## ABOUT THIS TASK
Down to the last line, reproduce the data that follows, but skip the pictures.

## SOURCE MATERIAL
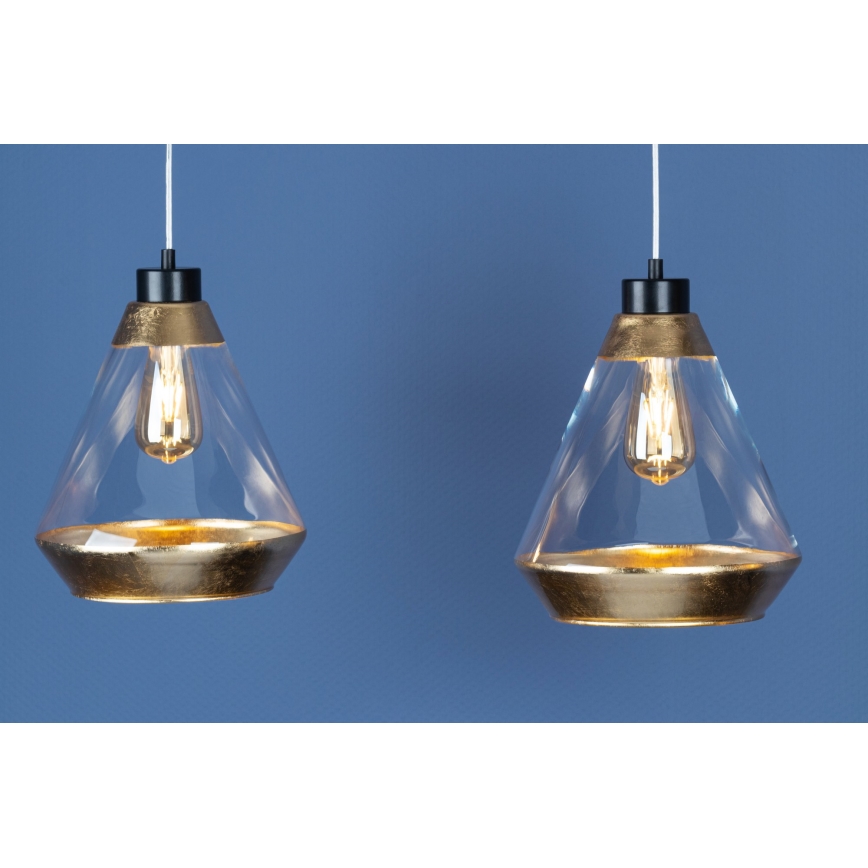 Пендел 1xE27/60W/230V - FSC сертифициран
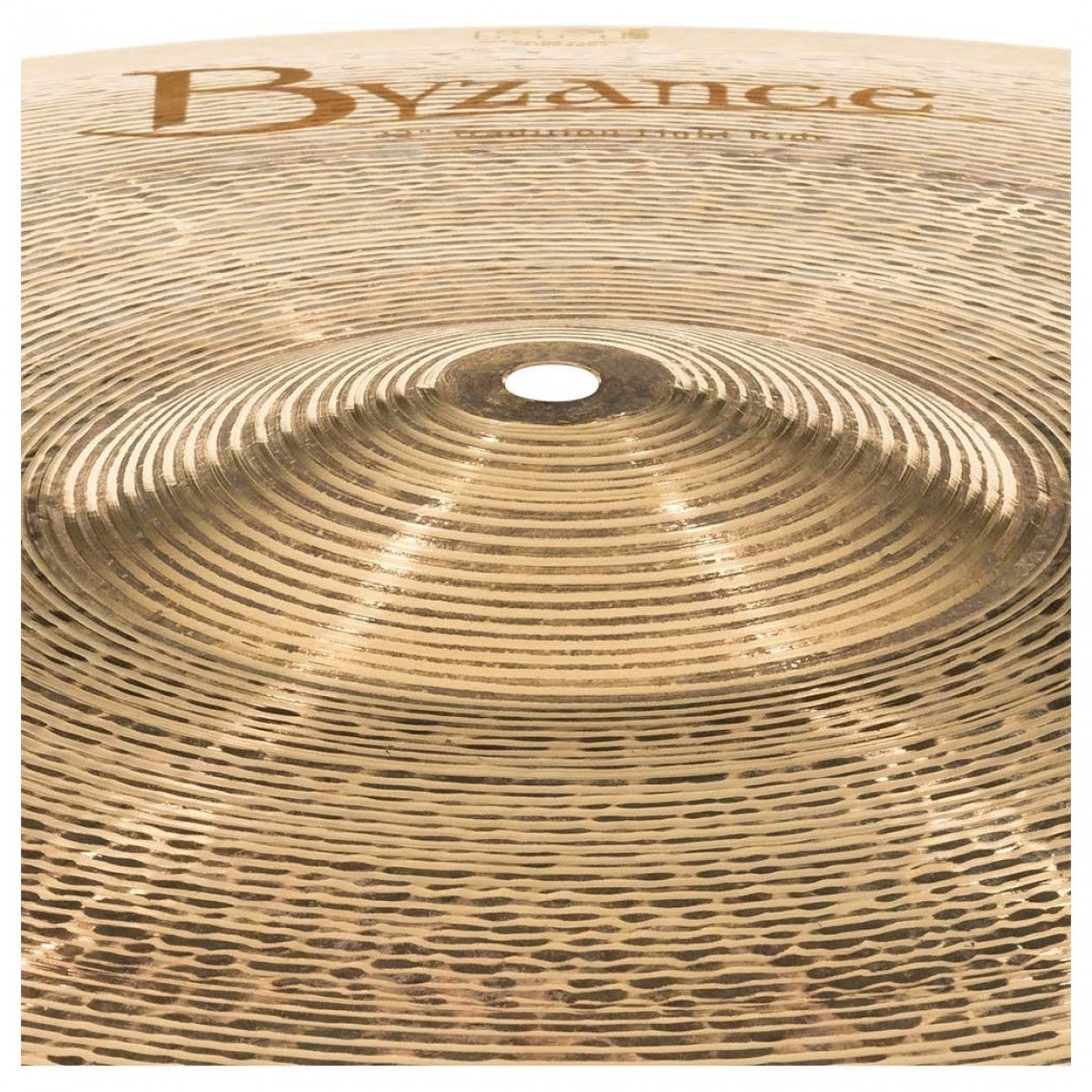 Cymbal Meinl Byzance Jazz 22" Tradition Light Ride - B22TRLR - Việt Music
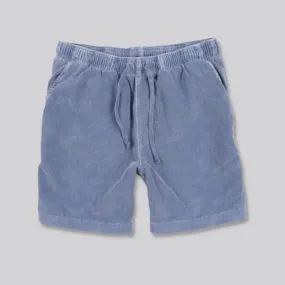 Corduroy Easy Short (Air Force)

## SOLUTION TO THE PROBLEM
 Пендел 1xE27/60W/230V - FSC сертифициран
 Cymbal Meinl Byzance Jazz 22" Tradition Light Ride - B22TRLR - Việt Music
 Corduroy Easy Short (Air Force)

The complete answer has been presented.